### REQUIRED ACTION
Reproduce every line of the material below exactly. No pictures belong in the copy.

### DATA
******************************

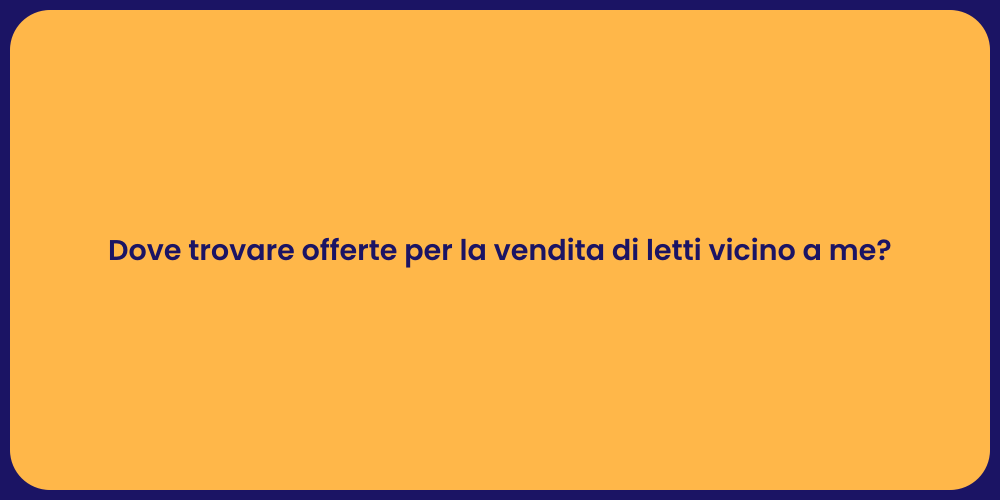 Dove trovare offerte per la vendita di letti vicino a me?
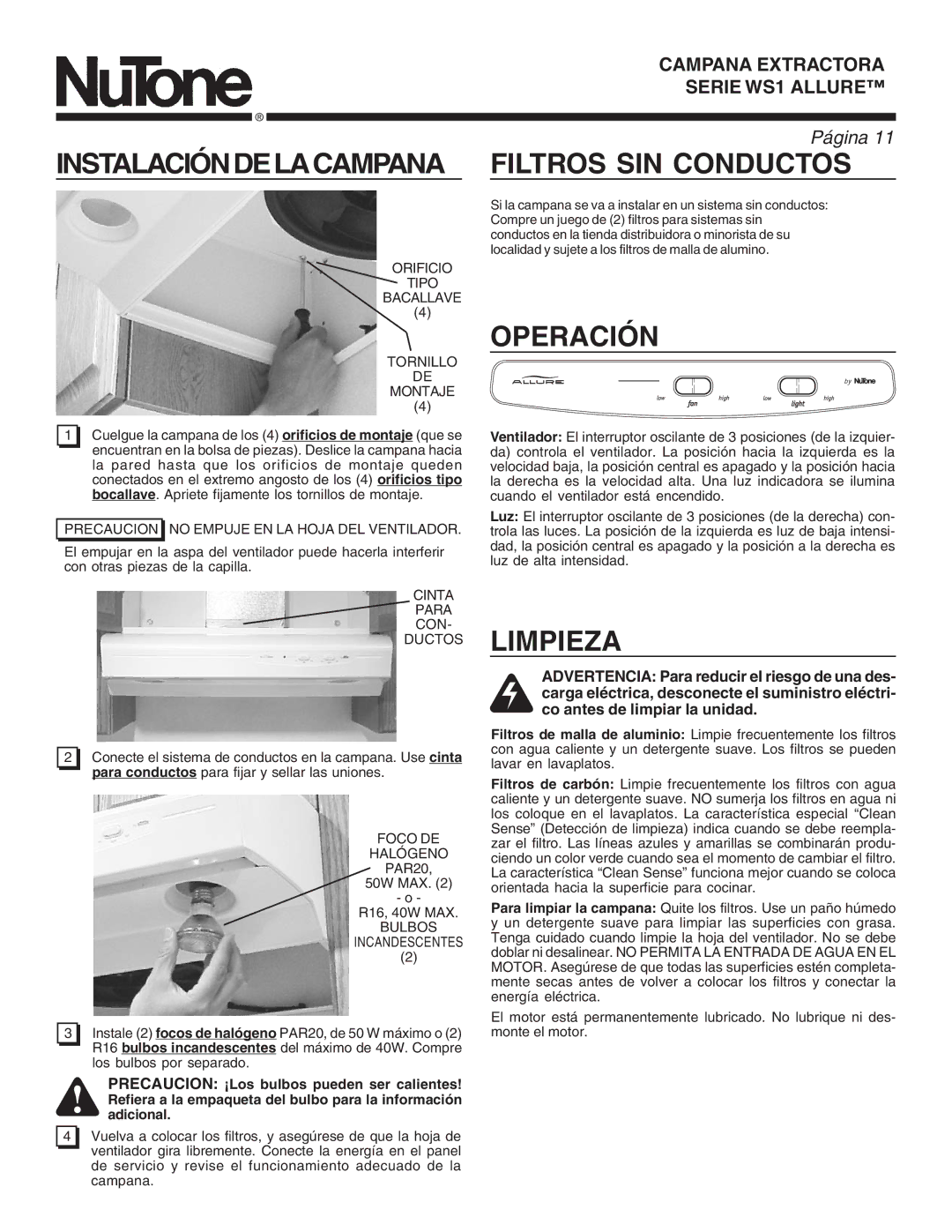 NuTone WS1 warranty Instalacióndelacampana Filtros SIN Conductos, Operación, Limpieza 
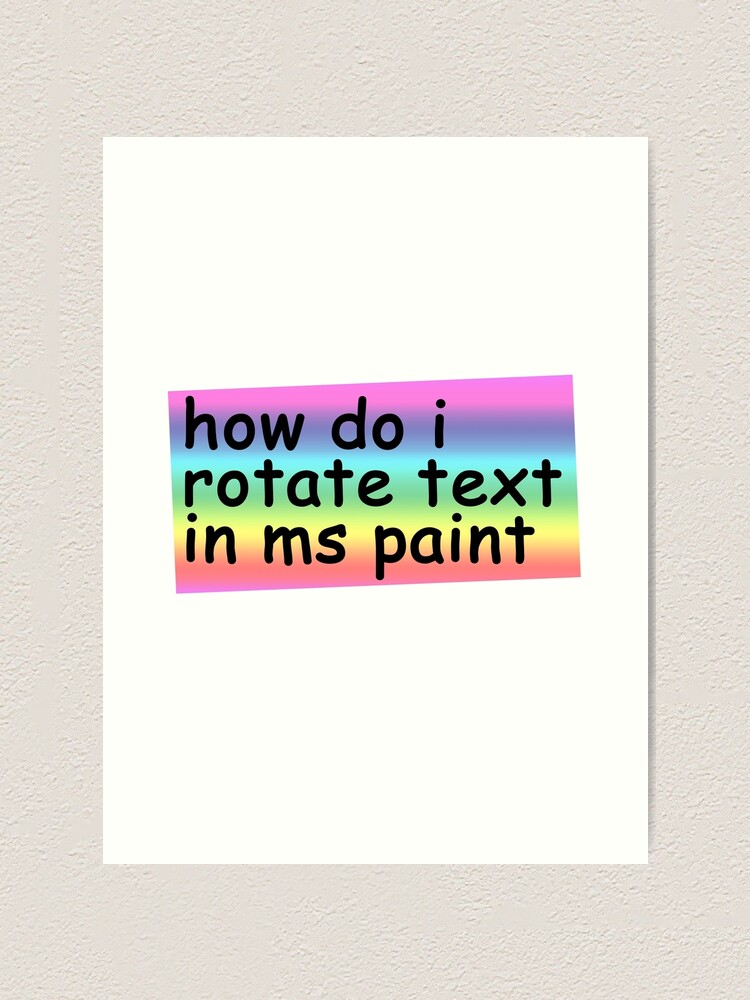  How Do I Rotate Text In MS Paint Art Print For Sale By Voletype Redbubble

******************************

### ANSWER BOX
 Dove trovare offerte per la vendita di letti vicino a me?
 NuTone WS1 warranty Instalacióndelacampana Filtros SIN Conductos, Operación, Limpieza 
  How Do I Rotate Text In MS Paint Art Print For Sale By Voletype Redbubble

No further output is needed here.